> **Task**
After finding the line containing "Thumbnail: 2022 GMC Sierra 3500 - 28" below, please output that line and each following one through the line containing "Restaurant/places to eat", exactly as written.

> **Extracted records**

▼

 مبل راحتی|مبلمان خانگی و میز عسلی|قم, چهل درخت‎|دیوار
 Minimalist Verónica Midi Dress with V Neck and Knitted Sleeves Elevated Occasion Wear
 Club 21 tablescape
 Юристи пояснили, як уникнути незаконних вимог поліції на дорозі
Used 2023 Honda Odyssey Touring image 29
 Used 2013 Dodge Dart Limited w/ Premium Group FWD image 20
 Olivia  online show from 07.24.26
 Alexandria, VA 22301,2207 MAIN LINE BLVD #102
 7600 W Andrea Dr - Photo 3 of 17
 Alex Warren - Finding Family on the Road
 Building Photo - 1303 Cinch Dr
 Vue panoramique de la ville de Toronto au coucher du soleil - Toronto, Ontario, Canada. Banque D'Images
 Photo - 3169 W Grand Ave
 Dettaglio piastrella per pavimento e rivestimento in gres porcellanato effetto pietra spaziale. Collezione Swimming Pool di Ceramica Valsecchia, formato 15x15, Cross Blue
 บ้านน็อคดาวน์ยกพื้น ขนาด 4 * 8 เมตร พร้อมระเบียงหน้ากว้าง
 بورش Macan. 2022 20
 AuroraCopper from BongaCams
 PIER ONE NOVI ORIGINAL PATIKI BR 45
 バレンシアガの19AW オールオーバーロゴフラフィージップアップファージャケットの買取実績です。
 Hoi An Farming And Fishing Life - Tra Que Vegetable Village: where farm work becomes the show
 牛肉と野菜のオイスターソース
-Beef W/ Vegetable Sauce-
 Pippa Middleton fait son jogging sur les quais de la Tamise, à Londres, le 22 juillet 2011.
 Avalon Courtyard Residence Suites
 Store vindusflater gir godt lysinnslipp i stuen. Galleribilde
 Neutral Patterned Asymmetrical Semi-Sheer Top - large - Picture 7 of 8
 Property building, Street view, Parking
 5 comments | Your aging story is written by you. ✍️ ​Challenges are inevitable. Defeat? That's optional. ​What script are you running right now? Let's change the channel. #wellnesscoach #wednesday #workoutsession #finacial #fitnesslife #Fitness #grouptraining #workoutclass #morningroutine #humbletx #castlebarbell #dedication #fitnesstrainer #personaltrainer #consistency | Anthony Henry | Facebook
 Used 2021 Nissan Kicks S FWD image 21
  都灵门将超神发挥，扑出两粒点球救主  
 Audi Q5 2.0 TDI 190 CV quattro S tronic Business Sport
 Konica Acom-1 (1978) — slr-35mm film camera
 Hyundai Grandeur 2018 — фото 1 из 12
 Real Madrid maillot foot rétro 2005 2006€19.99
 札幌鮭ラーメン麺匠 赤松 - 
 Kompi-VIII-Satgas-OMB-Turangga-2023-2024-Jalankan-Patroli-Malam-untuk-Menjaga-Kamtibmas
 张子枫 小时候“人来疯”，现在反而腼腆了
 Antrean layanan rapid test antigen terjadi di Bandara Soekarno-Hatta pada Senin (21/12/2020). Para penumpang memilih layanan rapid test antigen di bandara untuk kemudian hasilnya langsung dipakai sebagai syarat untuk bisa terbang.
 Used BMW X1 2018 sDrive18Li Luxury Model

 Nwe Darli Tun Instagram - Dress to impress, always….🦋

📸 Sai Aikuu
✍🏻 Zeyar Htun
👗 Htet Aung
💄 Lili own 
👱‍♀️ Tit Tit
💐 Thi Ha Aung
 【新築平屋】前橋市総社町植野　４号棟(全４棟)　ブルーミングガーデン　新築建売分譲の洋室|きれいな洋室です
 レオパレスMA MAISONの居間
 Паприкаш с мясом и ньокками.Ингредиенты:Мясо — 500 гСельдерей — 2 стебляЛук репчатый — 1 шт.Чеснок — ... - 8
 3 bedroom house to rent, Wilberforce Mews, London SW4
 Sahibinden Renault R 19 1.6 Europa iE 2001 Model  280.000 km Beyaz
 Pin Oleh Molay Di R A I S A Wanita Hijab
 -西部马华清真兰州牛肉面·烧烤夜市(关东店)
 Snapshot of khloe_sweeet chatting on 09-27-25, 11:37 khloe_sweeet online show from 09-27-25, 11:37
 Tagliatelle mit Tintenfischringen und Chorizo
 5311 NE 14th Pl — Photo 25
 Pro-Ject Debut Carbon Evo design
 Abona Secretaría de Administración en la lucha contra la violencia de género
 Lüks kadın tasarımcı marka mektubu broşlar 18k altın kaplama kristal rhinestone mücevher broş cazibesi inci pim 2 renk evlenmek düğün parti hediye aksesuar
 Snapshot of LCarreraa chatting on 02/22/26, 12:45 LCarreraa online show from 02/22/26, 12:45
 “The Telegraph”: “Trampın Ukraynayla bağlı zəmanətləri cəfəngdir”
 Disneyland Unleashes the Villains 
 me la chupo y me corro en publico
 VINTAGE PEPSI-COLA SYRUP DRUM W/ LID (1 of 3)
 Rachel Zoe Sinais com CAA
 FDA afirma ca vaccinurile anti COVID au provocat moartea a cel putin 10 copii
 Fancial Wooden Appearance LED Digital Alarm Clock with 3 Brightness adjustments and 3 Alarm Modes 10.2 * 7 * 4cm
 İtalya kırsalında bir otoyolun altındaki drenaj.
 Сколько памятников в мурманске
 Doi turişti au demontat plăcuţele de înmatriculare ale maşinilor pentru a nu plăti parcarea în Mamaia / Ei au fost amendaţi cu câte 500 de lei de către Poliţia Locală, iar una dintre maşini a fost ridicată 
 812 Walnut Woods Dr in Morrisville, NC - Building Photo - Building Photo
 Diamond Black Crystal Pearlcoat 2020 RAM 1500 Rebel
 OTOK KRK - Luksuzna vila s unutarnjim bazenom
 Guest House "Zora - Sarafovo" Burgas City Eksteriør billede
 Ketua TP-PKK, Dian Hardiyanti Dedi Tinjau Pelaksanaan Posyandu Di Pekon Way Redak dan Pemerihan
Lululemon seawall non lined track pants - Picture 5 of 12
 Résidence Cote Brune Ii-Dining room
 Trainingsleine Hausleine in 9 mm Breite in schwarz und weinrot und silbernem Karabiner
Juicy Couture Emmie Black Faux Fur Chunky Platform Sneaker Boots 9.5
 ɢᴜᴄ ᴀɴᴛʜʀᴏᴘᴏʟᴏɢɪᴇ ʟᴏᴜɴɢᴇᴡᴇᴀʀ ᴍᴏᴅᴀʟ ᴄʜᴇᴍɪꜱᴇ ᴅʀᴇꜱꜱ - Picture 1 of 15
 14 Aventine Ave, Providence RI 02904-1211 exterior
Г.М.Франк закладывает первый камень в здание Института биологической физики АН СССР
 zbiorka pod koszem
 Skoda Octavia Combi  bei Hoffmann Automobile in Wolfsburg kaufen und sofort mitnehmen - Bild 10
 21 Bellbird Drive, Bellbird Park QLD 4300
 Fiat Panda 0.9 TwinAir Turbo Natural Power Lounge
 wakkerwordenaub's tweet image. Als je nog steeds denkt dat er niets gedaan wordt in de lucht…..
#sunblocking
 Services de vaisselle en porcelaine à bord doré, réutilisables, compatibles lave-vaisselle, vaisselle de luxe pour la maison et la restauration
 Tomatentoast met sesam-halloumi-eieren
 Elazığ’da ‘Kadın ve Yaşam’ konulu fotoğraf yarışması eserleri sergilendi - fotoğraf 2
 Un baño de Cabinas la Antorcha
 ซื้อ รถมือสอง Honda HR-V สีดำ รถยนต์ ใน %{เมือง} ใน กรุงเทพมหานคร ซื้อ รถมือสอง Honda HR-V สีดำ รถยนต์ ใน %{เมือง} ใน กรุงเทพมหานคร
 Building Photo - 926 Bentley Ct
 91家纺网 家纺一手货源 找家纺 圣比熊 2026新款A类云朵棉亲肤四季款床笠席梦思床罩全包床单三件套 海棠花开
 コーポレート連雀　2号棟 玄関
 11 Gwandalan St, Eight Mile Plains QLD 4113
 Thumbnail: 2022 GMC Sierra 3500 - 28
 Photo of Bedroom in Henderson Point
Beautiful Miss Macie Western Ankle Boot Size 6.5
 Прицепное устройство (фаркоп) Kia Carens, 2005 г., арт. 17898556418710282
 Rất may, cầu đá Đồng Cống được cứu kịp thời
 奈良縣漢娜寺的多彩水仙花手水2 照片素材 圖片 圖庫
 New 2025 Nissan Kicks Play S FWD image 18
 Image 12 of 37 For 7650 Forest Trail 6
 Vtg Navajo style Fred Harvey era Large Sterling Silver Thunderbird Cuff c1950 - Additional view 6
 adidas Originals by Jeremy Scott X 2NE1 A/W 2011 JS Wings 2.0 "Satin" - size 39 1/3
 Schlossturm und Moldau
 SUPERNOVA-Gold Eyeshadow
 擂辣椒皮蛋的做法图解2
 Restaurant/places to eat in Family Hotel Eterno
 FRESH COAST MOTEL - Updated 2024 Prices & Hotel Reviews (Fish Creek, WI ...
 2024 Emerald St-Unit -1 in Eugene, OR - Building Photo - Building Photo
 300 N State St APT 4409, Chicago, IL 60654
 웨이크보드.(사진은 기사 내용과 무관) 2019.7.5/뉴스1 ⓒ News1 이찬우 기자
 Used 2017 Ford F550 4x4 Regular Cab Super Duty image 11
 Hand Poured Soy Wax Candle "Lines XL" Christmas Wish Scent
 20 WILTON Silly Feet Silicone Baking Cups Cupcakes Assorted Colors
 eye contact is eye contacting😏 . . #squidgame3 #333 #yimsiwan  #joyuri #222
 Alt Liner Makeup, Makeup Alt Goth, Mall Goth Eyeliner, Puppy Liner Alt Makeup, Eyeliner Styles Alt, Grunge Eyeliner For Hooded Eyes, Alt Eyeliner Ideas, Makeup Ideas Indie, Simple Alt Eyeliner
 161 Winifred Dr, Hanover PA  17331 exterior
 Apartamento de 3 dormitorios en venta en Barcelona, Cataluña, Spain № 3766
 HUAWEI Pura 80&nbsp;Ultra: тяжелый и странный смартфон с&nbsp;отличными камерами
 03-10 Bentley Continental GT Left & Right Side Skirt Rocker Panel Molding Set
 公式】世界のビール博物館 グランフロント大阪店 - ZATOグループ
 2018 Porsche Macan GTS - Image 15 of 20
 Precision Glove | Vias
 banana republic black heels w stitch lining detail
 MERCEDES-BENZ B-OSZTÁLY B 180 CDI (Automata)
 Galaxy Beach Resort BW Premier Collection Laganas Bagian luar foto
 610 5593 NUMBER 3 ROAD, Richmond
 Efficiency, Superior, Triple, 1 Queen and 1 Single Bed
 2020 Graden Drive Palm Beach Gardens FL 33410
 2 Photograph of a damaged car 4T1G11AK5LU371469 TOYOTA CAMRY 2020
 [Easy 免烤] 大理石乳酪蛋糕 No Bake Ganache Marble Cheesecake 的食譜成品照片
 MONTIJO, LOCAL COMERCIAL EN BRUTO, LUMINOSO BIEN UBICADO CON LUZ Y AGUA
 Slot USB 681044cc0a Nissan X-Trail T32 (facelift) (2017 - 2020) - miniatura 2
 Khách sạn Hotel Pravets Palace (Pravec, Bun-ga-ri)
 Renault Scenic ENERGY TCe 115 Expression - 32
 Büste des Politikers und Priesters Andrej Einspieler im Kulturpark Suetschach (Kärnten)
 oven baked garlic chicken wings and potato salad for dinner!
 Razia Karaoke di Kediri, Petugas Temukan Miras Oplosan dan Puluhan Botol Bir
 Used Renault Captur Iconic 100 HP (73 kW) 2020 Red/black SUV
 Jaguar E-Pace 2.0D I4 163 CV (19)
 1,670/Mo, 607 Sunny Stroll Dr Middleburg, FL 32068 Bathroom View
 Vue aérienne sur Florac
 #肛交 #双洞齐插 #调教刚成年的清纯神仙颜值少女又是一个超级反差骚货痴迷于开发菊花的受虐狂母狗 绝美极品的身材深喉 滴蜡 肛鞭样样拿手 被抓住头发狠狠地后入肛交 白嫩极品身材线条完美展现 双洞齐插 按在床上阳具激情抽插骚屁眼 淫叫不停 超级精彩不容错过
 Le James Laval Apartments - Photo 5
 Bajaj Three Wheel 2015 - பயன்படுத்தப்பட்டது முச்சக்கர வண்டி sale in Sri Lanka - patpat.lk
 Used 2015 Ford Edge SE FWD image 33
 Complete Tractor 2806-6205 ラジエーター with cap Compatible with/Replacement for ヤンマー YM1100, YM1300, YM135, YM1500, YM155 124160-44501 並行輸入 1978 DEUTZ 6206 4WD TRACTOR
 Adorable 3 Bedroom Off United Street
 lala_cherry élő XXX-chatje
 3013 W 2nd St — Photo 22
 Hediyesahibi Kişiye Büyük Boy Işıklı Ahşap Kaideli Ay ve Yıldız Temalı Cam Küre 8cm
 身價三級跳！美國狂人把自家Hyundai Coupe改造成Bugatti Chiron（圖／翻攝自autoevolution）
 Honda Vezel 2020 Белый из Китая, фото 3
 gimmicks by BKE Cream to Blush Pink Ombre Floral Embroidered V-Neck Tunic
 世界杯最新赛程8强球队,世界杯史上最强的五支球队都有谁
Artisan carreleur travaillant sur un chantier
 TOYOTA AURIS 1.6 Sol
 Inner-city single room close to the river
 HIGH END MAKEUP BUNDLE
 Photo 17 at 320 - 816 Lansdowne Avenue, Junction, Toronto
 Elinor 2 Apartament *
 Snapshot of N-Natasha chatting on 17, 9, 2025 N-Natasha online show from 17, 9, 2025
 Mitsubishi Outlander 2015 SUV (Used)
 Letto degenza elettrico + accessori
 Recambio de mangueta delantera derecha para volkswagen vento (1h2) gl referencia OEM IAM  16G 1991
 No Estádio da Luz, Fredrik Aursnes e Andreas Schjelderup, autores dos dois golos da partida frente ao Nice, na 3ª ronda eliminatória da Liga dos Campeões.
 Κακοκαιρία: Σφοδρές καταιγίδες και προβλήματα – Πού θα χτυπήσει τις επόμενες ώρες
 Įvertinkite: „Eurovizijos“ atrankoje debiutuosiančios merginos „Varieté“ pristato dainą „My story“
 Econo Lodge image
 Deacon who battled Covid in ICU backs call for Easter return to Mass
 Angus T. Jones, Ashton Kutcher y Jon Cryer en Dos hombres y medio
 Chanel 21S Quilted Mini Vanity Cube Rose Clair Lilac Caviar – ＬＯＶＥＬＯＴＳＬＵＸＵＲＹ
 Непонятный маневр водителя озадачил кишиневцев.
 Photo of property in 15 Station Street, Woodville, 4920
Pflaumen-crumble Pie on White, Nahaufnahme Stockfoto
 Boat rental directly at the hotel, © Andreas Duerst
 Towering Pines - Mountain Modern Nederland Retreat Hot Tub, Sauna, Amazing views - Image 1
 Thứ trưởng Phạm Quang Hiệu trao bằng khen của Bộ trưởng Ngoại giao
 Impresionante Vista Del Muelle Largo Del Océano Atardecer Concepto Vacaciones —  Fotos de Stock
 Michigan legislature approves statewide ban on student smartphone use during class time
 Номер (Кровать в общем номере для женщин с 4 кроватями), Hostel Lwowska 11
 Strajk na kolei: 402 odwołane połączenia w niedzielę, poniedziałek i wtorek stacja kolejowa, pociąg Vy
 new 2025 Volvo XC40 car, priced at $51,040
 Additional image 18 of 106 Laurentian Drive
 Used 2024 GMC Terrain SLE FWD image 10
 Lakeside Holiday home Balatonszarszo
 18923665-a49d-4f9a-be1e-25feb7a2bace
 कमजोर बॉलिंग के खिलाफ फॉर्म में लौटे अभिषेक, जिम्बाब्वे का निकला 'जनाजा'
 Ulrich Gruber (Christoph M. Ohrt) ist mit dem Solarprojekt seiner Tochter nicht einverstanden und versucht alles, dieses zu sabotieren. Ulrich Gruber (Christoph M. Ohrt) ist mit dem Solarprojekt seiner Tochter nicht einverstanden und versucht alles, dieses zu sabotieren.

▲

> **Output of the exercise**
 Thumbnail: 2022 GMC Sierra 3500 - 28
 Photo of Bedroom in Henderson Point
Beautiful Miss Macie Western Ankle Boot Size 6.5
 Прицепное устройство (фаркоп) Kia Carens, 2005 г., арт. 17898556418710282
 Rất may, cầu đá Đồng Cống được cứu kịp thời
 奈良縣漢娜寺的多彩水仙花手水2 照片素材 圖片 圖庫
 New 2025 Nissan Kicks Play S FWD image 18
 Image 12 of 37 For 7650 Forest Trail 6
 Vtg Navajo style Fred Harvey era Large Sterling Silver Thunderbird Cuff c1950 - Additional view 6
 adidas Originals by Jeremy Scott X 2NE1 A/W 2011 JS Wings 2.0 "Satin" - size 39 1/3
 Schlossturm und Moldau
 SUPERNOVA-Gold Eyeshadow
 擂辣椒皮蛋的做法图解2
 Restaurant/places to eat in Family Hotel Eterno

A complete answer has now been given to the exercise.